All entries must be repeated exactly; do not include the pictures.

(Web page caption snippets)

----------------------------------------

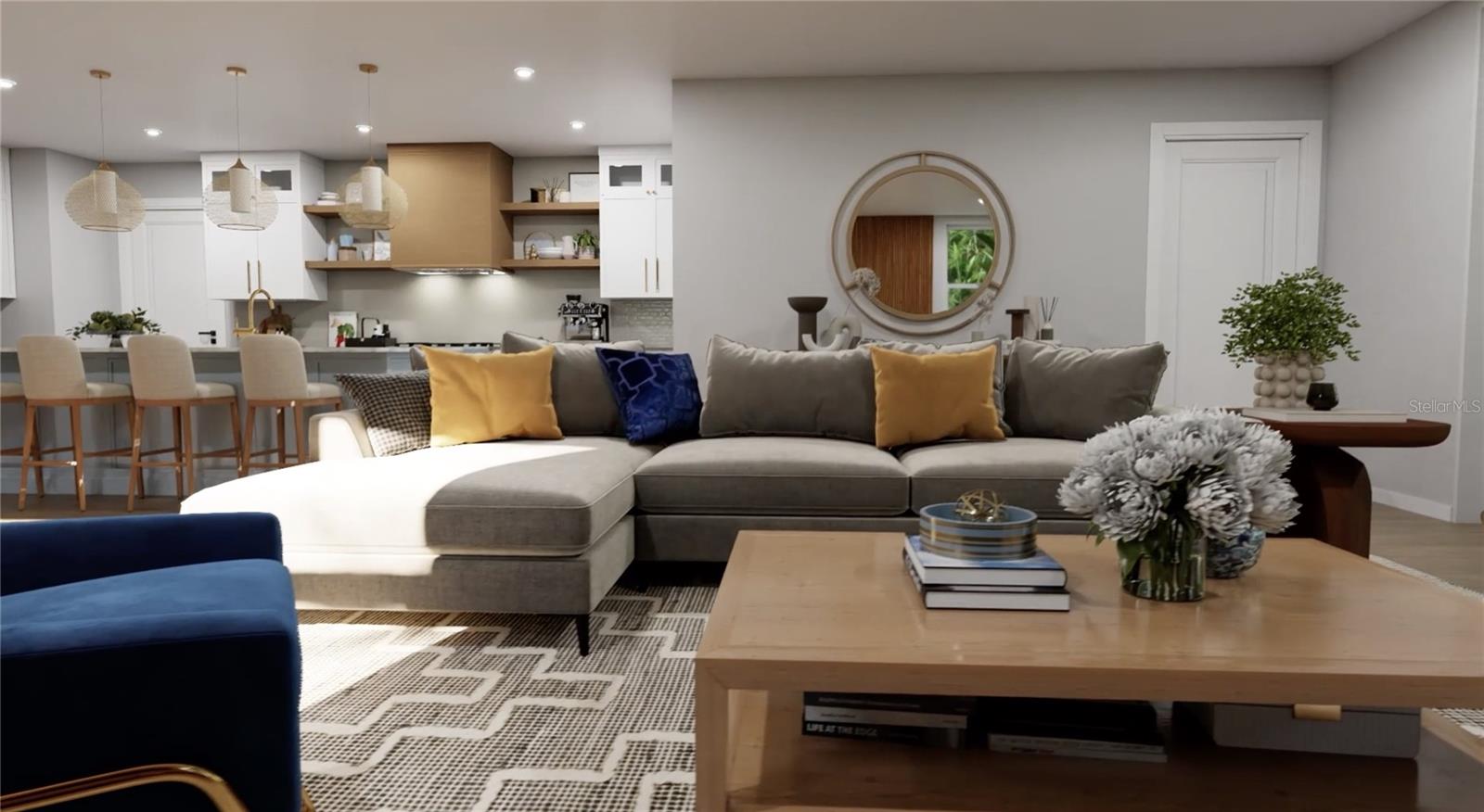 TERRACE GARDENS - Residential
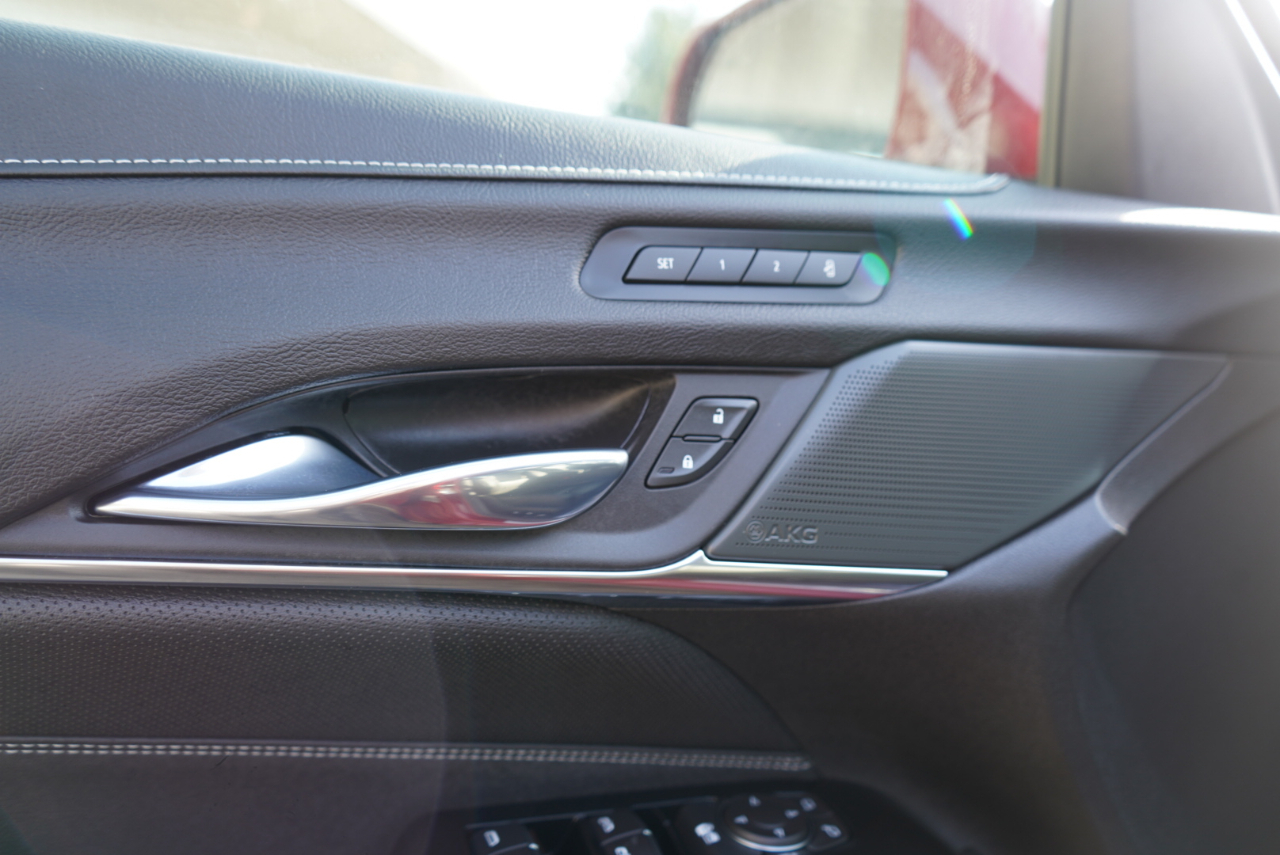 Cadillac CT4-V 4dr Sdn Blackwing 2023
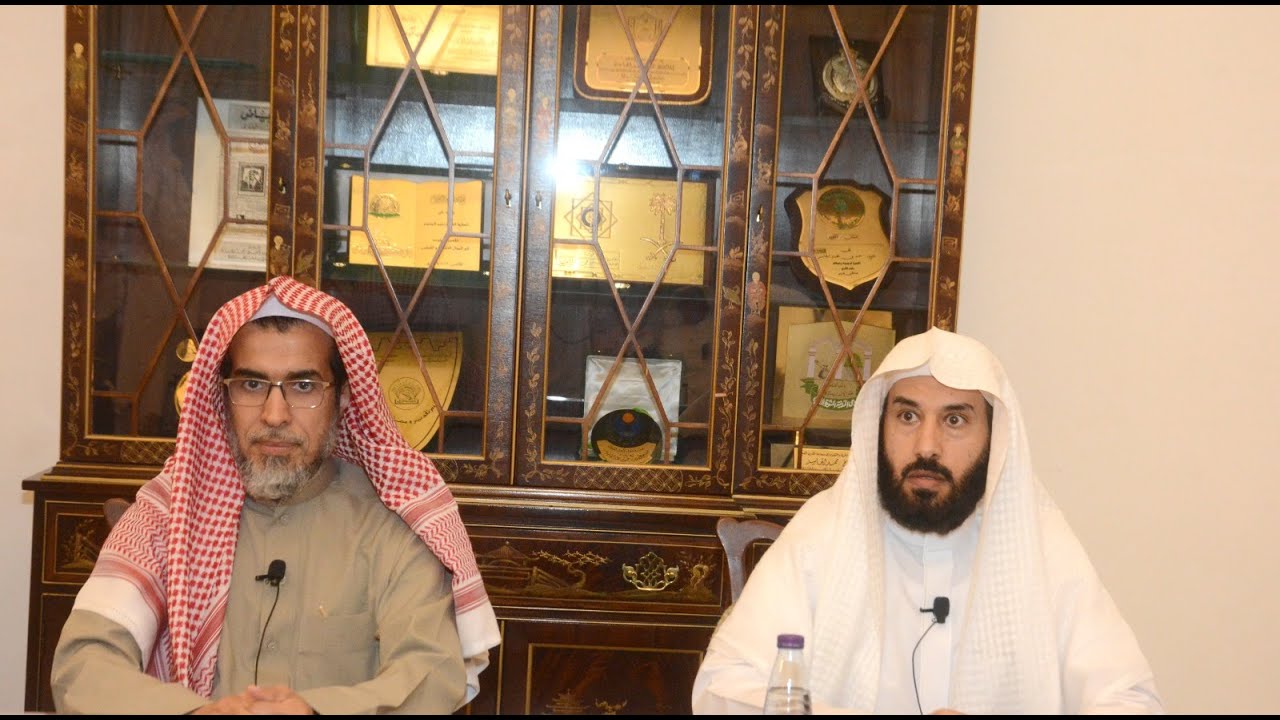 فضيلة الشيخ الدكتور عبدالسلام الشويعر: كتابة القرآن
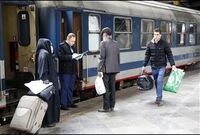 مسافران نوروزی مشکلات قطارها را اطلاع رسانی کنند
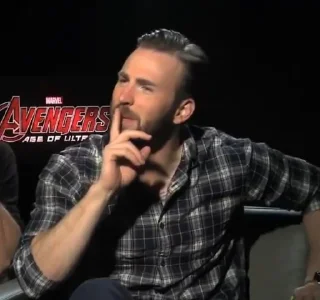 Sticker from Chris Evans @My_Avengers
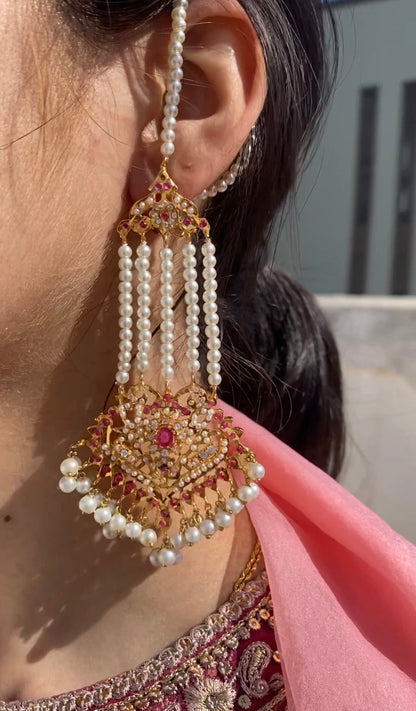 Statement Earrings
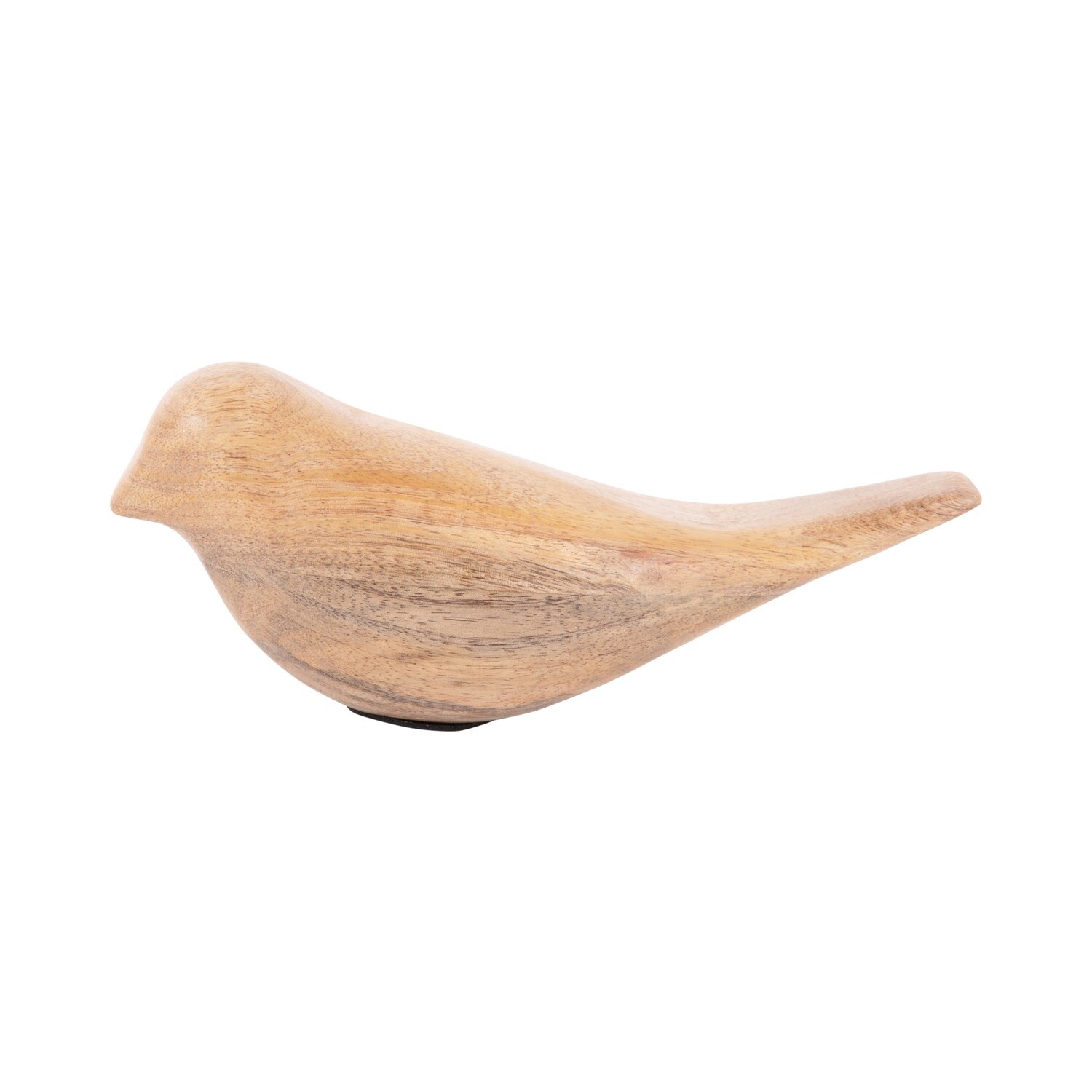 8714302731372 - Statue aus Mangoholz Bird
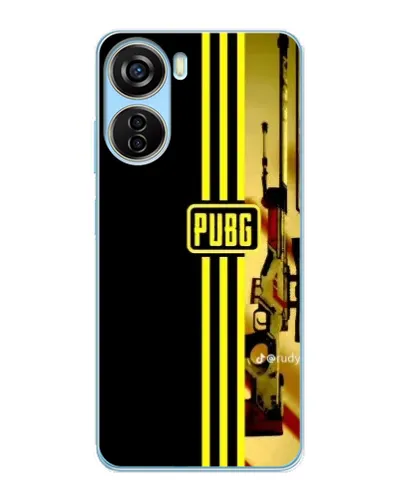 Чехол для ZTE V40 Design с картинкой «PUBG — камуфляжный шлем» Чехол для ZTE V40 Design с картинкой «PUBG — камуфляжный шлем»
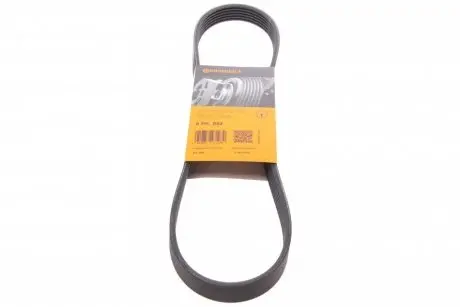 Доріжковий пас CONTINENTAL 6PK884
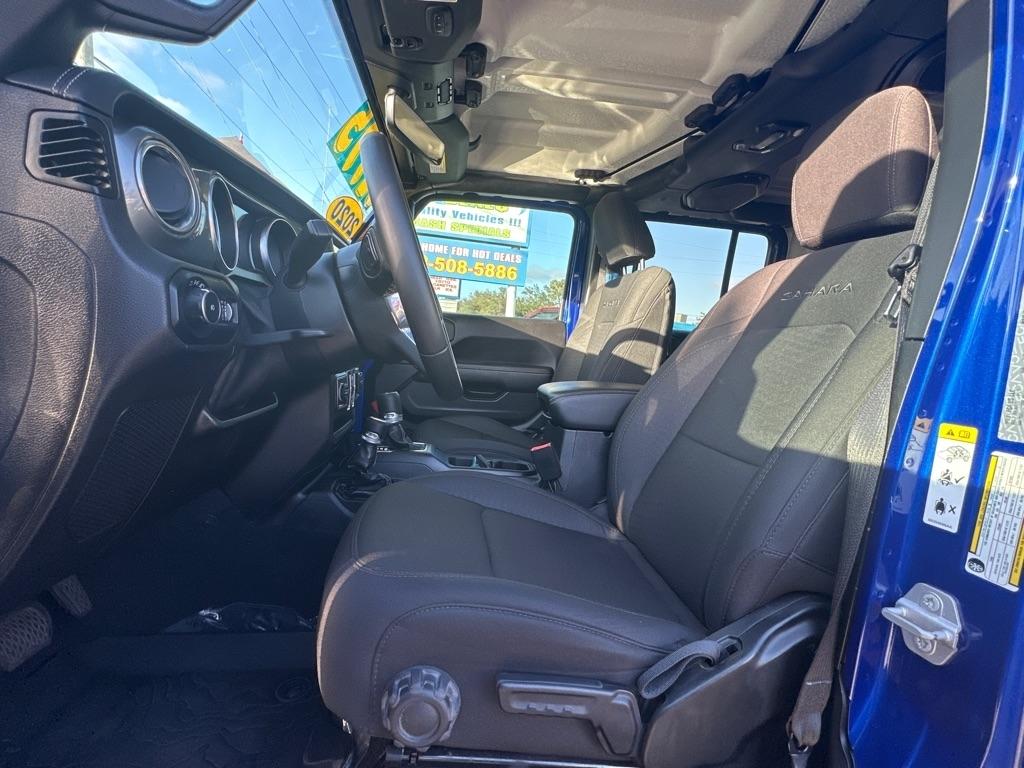 Jeep Wrangler  2020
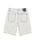 The Volcom Mens Billow Denim Shorts in Bone
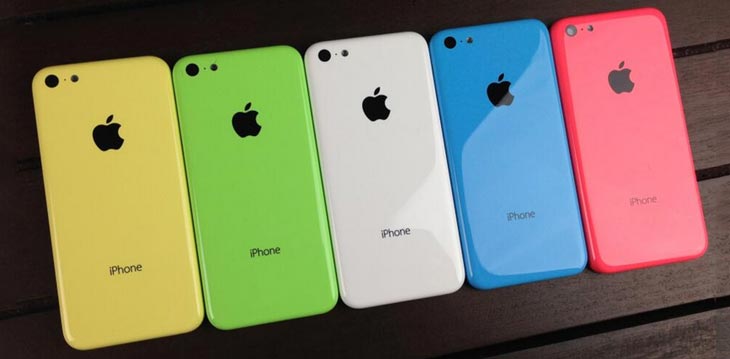 Apple iPhone 5C - Polycarbonate colourful and 'cheaper alternative' [Review]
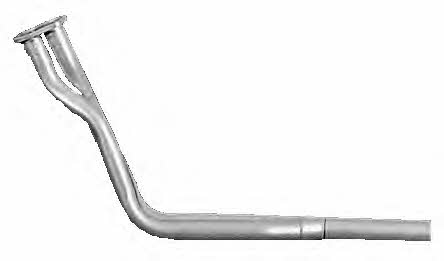 Imasaf 26.32.01 Exhaust pipe 263201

----------------------------------------

COMPLETED TASK:
 TERRACE GARDENS - Residential
 Cadillac CT4-V 4dr Sdn Blackwing 2023
 فضيلة الشيخ الدكتور عبدالسلام الشويعر: كتابة القرآن
 مسافران نوروزی مشکلات قطارها را اطلاع رسانی کنند
 Sticker from Chris Evans @My_Avengers
 Statement Earrings
 8714302731372 - Statue aus Mangoholz Bird
 Чехол для ZTE V40 Design с картинкой «PUBG — камуфляжный шлем» Чехол для ZTE V40 Design с картинкой «PUBG — камуфляжный шлем»
 Доріжковий пас CONTINENTAL 6PK884
 Jeep Wrangler  2020
 The Volcom Mens Billow Denim Shorts in Bone
 Apple iPhone 5C - Polycarbonate colourful and 'cheaper alternative' [Review]
 Imasaf 26.32.01 Exhaust pipe 263201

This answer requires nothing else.